The whole of Killarney held its breath as the clock ticked down, and series promoter Roger Pearce stood ready in the starter’s box with the chequered flag. The Stradale Huracan howled past to take a well-deserved win, the WCT Porsche parked in the spot reserved for third and finally, the Ferrari coasted into sight and stopped a little away from the others, its driver hastily climbing out and calling for the Bigfoot crew to stand by with fire extinguishers in case it burst into flames.

The reason for his concern was immediately obvious – the right-side turbo had failed, and its housing was glowing cherry red at the bottom of the engine compartment!

The Lamborghini had posted a record 394 laps, with the Ferrari losing ground in the final dramatic moments to finish 14 laps down – still seven ahead of the WCT Porsche.
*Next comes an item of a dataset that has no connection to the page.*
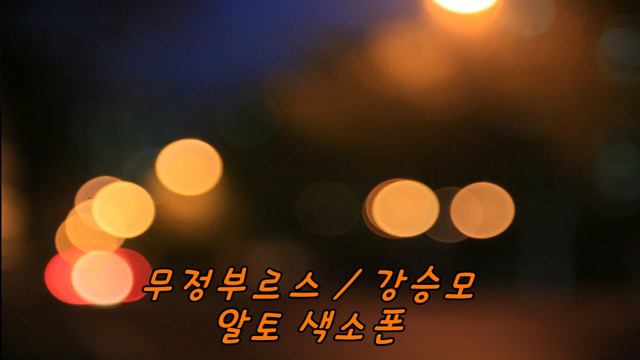 무정부르스 / 강승모. 알토색소폰(아마추어 연주자:한세구) смотреть онлайн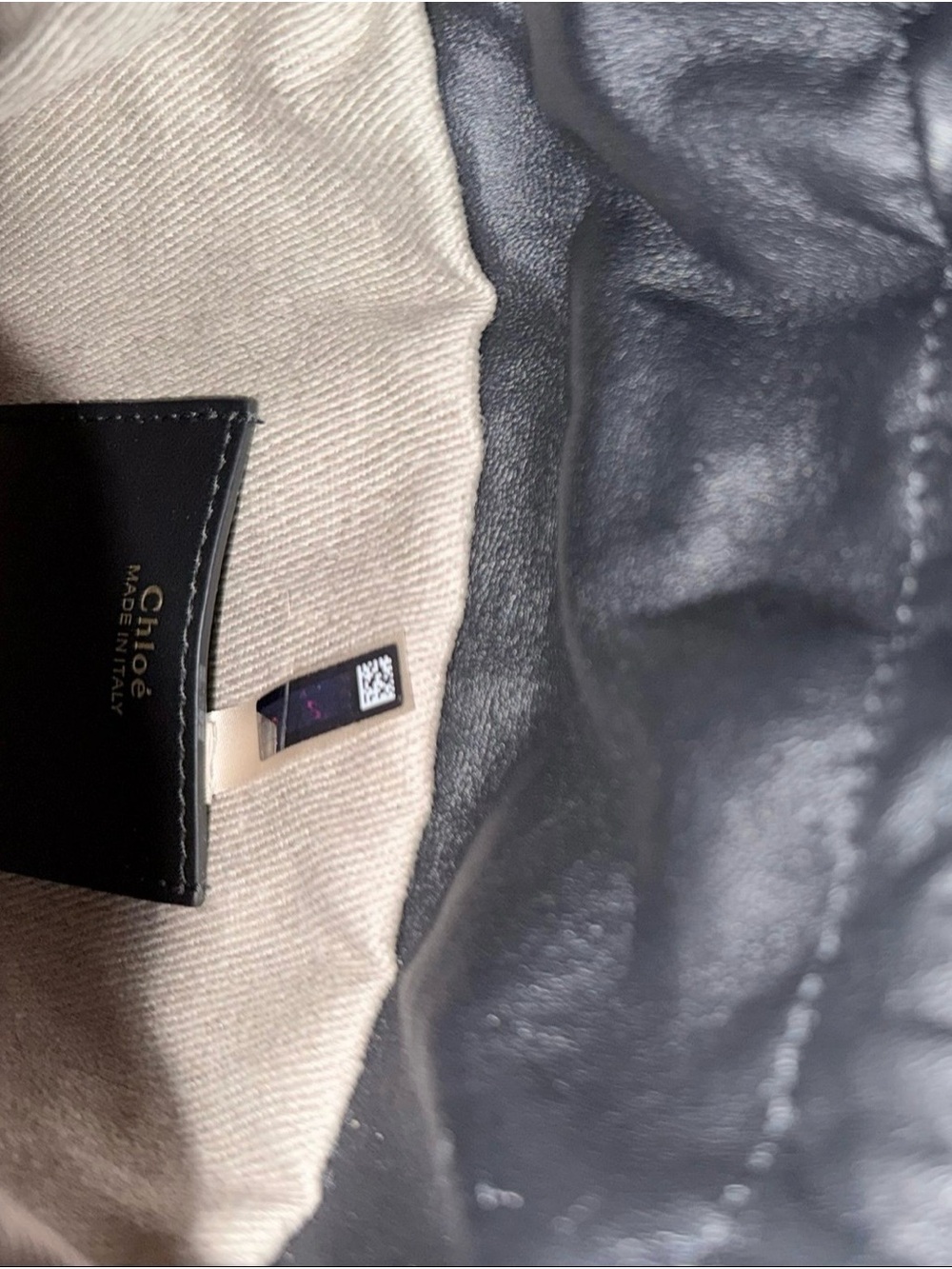 Chloé Black Leather Bucket Bag - Picture 8 of 8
The next three places were taken by Class B Polo SupaCups – an astonishing feat for purpose-built racing cars designed to run no more than 12 laps at a time. More than that, Scribante and Campos in the leading Polo were also crowned South African Endurance Racing champions for 2021 after punching above their weight at every round of the series. Of 33 starters, 20 were still running at the finish, although only six of the original 14 Backdraft Roadsters survived. Mention must be made, however, of the SNVL Backdraft of Duncan dos Reis, Richard van Heerden and Thouca Mechanicos, who came home eighth overall and first in Class E with 326 laps to their credit, as well as the ‘home team’ – WPMC president Dr Greg Mills, chairman Tim Reddell and vice-chairman Mark Ridgway, who finished 12th overall and first in the GT4 Class on 298 laps.